# Prove the following

Question:

Let $\overrightarrow{\mathrm{a}}=\hat{\mathrm{i}}+2 \hat{\mathrm{j}}-3 \hat{\mathrm{k}}$ and $\overrightarrow{\mathrm{b}}=2 \hat{\mathrm{i}}-3 \hat{\mathrm{j}}+5 \hat{\mathrm{k}}$. If

$\overrightarrow{\mathrm{r}} \times \overrightarrow{\mathrm{a}}=\overrightarrow{\mathrm{b}} \times \overrightarrow{\mathrm{r}}, \overrightarrow{\mathrm{r}} \cdot(\alpha \hat{\mathrm{i}}+2 \hat{\mathrm{j}}+\hat{\mathrm{k}})=3$ and

$\overrightarrow{\mathrm{r}} \cdot(2 \hat{\mathrm{i}}+5 \hat{\mathrm{j}}-\alpha \hat{\mathrm{k}})=-1, \alpha \in \mathrm{R}$, then the value of $\alpha+|\vec{r}|^{2}$ is equal to :

1. 9

2. 15

3. 13

4. 11

Correct Option: , 2

Solution:

$\overrightarrow{\mathrm{r}} \times \overrightarrow{\mathrm{a}}=\overrightarrow{\mathrm{b}} \times \overrightarrow{\mathrm{r}} \Rightarrow \overrightarrow{\mathrm{r}} \times(\overrightarrow{\mathrm{a}}+\overrightarrow{\mathrm{b}})=0$

$\overrightarrow{\mathrm{r}}=\vec{\lambda}(\overrightarrow{\mathrm{a}}+\overrightarrow{\mathrm{b}}) \Rightarrow \overrightarrow{\mathrm{r}}=\vec{\lambda}(\hat{\mathrm{i}}+2 \hat{\mathrm{j}}-3 \hat{\mathrm{k}}+2 \hat{\mathrm{i}}-3 \hat{\mathrm{j}}+5 \hat{\mathrm{k}})$

$\overrightarrow{\mathrm{r}}=\vec{\lambda}(3 \hat{\mathrm{i}}-\hat{\mathrm{j}}+2 \hat{\mathrm{k}})$.......(1)

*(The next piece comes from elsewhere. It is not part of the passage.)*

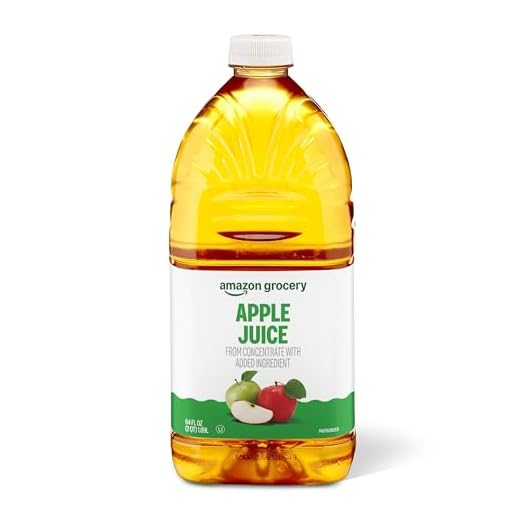 Amazon Brand - Happy Belly 100% Apple Juice, 64 Fl Oz Bottle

$\overrightarrow{\mathrm{r}} \cdot(\alpha \hat{\mathrm{i}}+2 \hat{\mathrm{j}}+\hat{\mathrm{k}})=3$

Put $\overrightarrow{\mathrm{r}}$ from (1) $\alpha \lambda=1$.......(2)

$\overrightarrow{\mathrm{r}} \cdot(2 \hat{\mathrm{i}}+5 \hat{\mathrm{j}}-\alpha \hat{\mathrm{k}})=-1$

Put $\overrightarrow{\mathrm{r}}$ from (1) $2 \lambda \alpha-\lambda=1$......(3)

Solve (2) & (3)

$\alpha=1, \quad \lambda=1$

$\Rightarrow \quad \overrightarrow{\mathrm{r}}=3 \hat{\mathrm{i}}-\hat{\mathrm{j}}+2 \hat{\mathrm{k}}$

$|\vec{r}|^{2}=14 \quad \& \quad \alpha=1$

$\alpha+|\vec{r}|^{2}=15$